[[ MATERIALS PROVIDED, beginning ]]
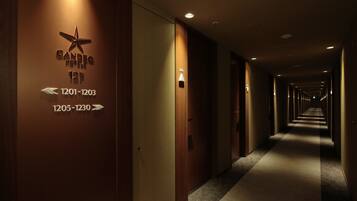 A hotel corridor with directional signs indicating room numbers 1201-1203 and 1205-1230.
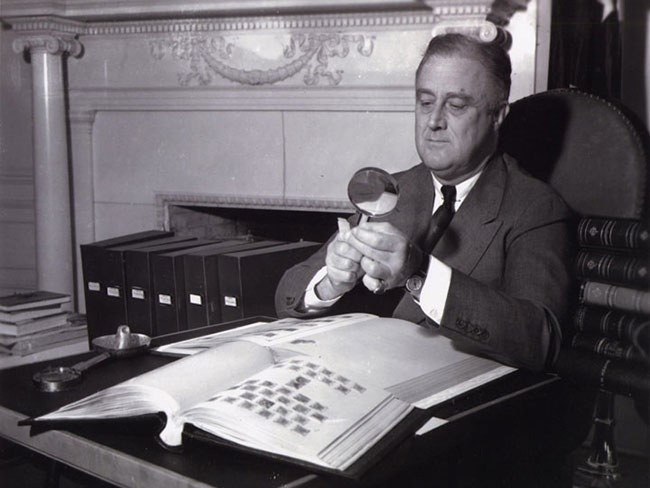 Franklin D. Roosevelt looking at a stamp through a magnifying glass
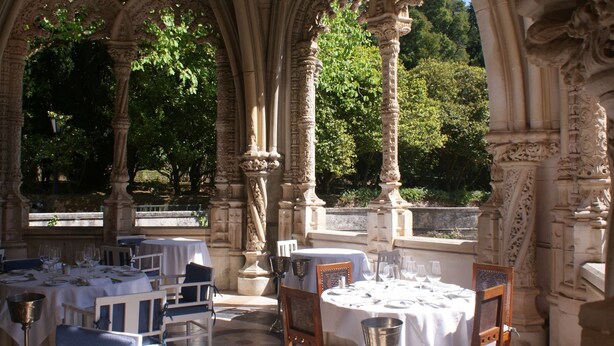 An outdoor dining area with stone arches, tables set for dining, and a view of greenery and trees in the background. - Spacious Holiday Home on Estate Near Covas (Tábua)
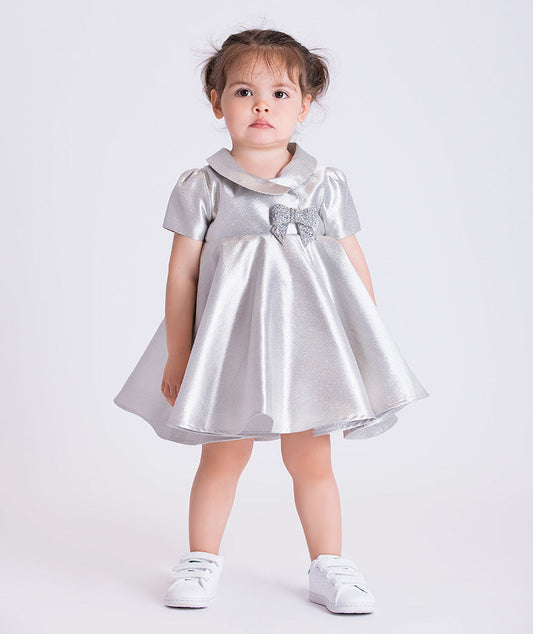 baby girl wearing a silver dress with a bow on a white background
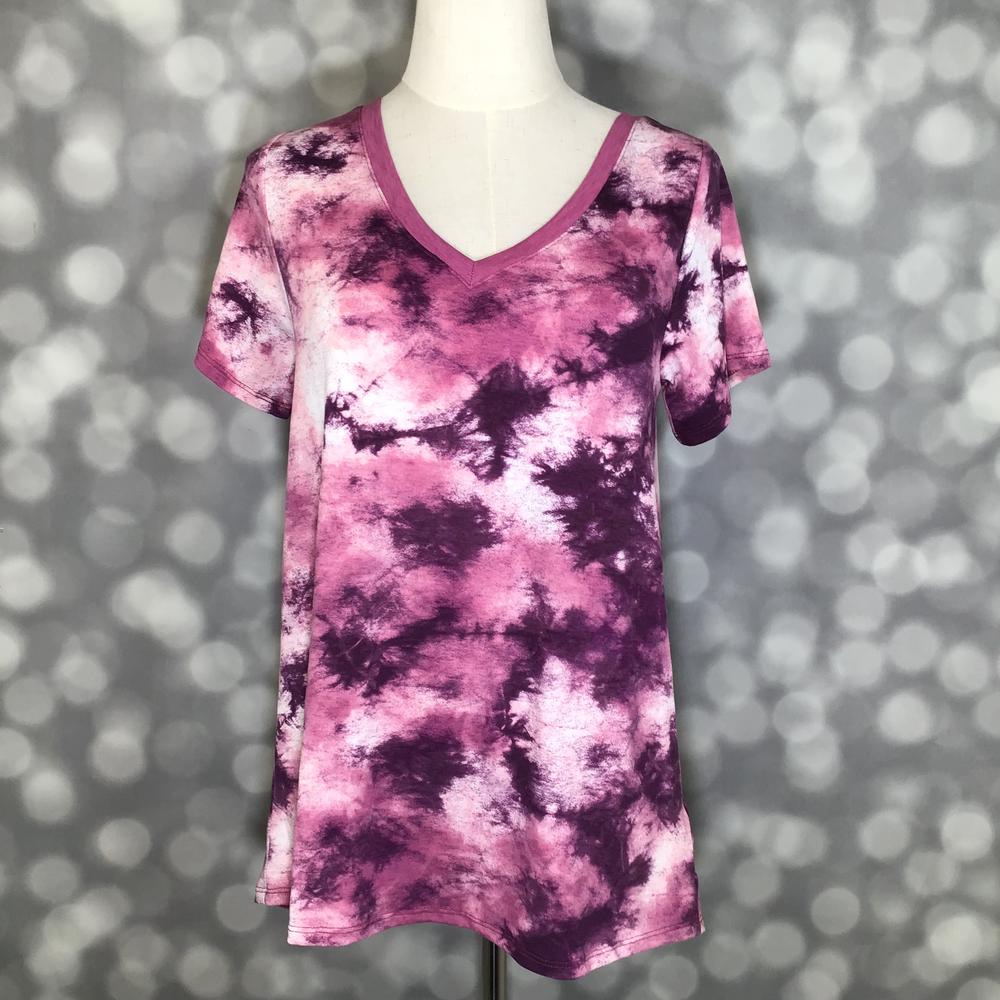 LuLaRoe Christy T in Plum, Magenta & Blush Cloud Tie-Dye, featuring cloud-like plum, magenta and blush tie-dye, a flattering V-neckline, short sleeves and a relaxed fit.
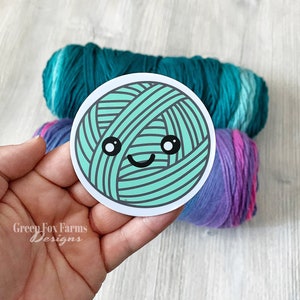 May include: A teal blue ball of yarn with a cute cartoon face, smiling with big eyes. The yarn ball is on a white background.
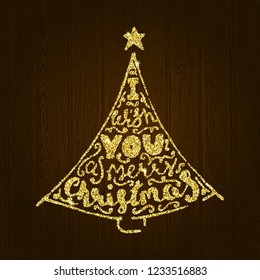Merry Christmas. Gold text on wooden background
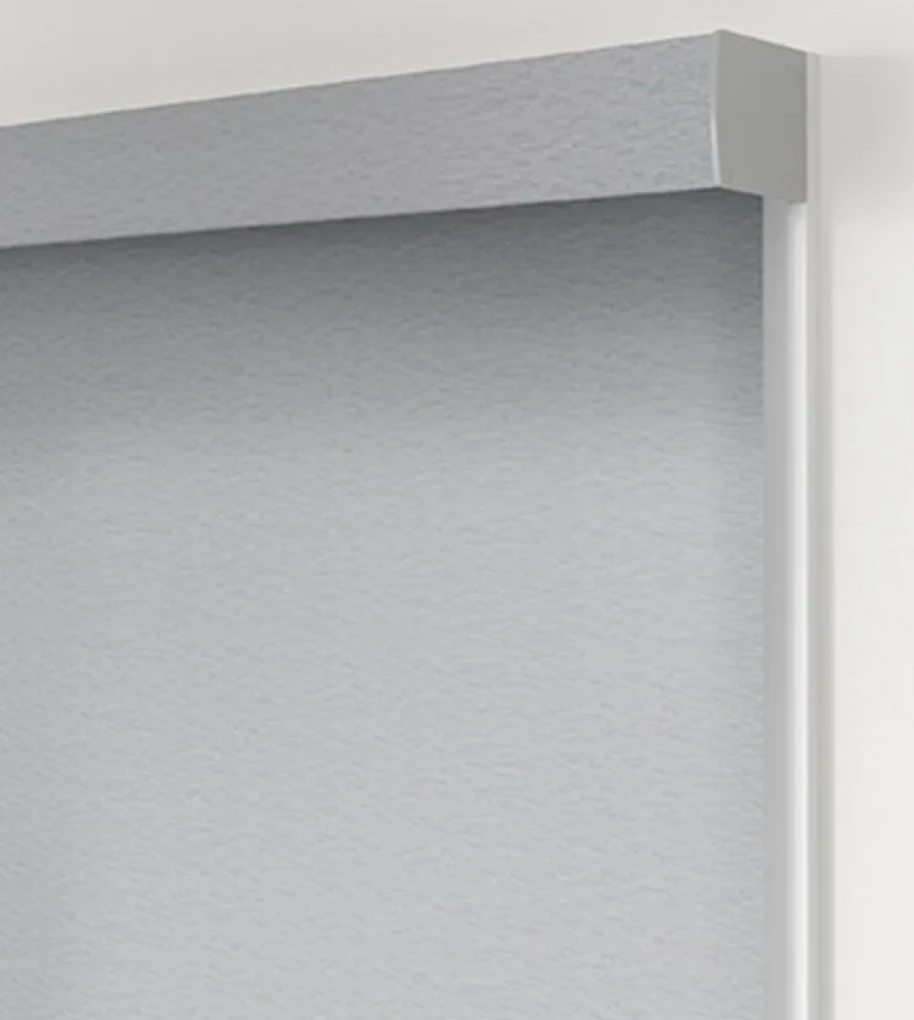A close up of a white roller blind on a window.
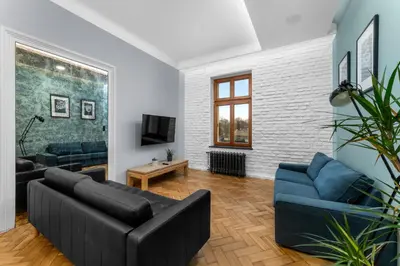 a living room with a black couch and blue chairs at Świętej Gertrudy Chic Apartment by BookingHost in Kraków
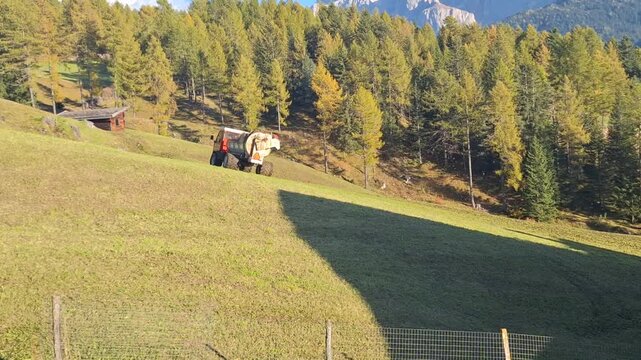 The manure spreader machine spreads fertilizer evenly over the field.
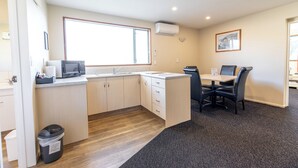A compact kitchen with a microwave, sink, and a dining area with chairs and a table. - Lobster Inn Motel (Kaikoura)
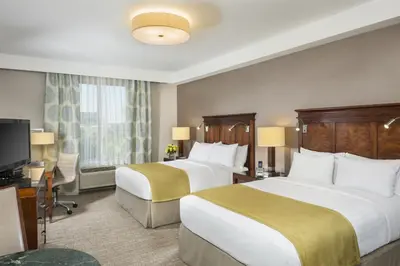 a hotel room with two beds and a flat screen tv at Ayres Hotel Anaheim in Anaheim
[[ MATERIALS PROVIDED, end ]]
[[ MATERIALS PROVIDED, beginning ]]
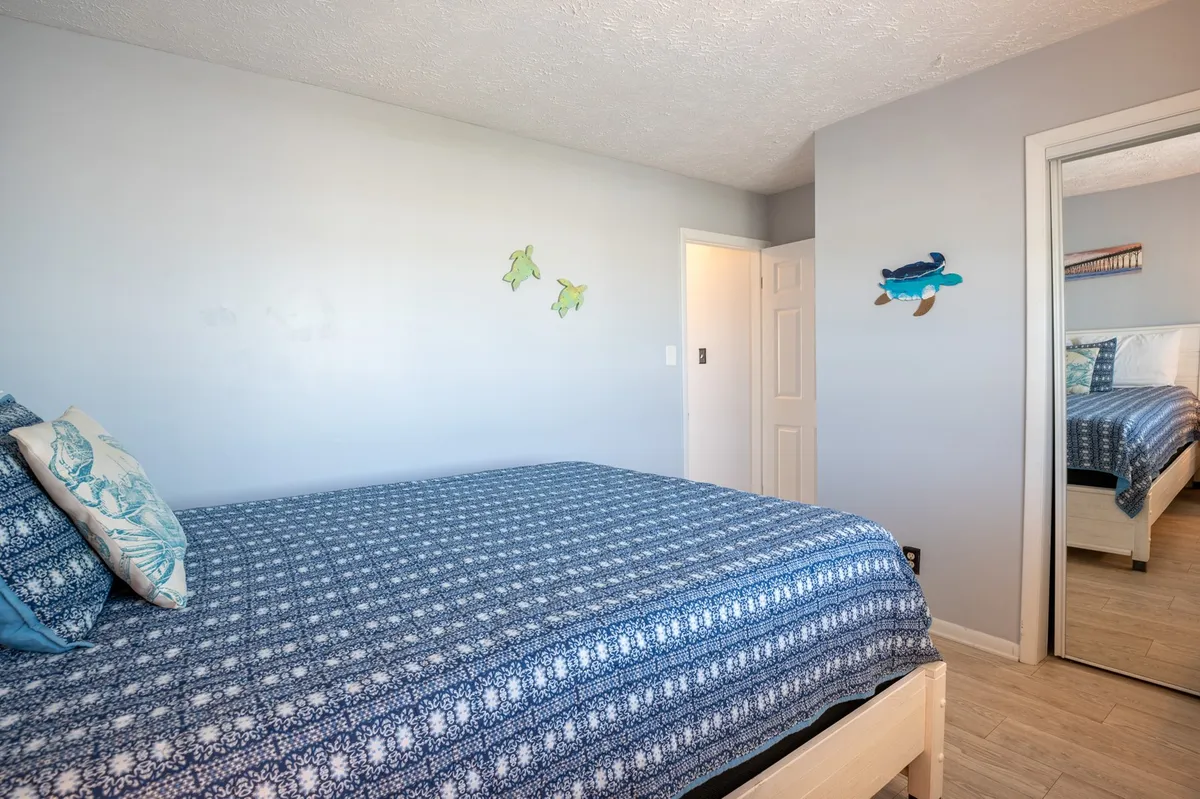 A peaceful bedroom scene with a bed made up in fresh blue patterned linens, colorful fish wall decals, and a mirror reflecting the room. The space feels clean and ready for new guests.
[[ MATERIALS PROVIDED, end ]]
BRIEF: In the listing above, find the line containing "A compact kitchen" and the line containing "a hotel room", then output those two lines and everything between them exactly as written, without the images.

WRITTEN SOLUTION:
A compact kitchen with a microwave, sink, and a dining area with chairs and a table. - Lobster Inn Motel (Kaikoura)
 a hotel room with two beds and a flat screen tv at Ayres Hotel Anaheim in Anaheim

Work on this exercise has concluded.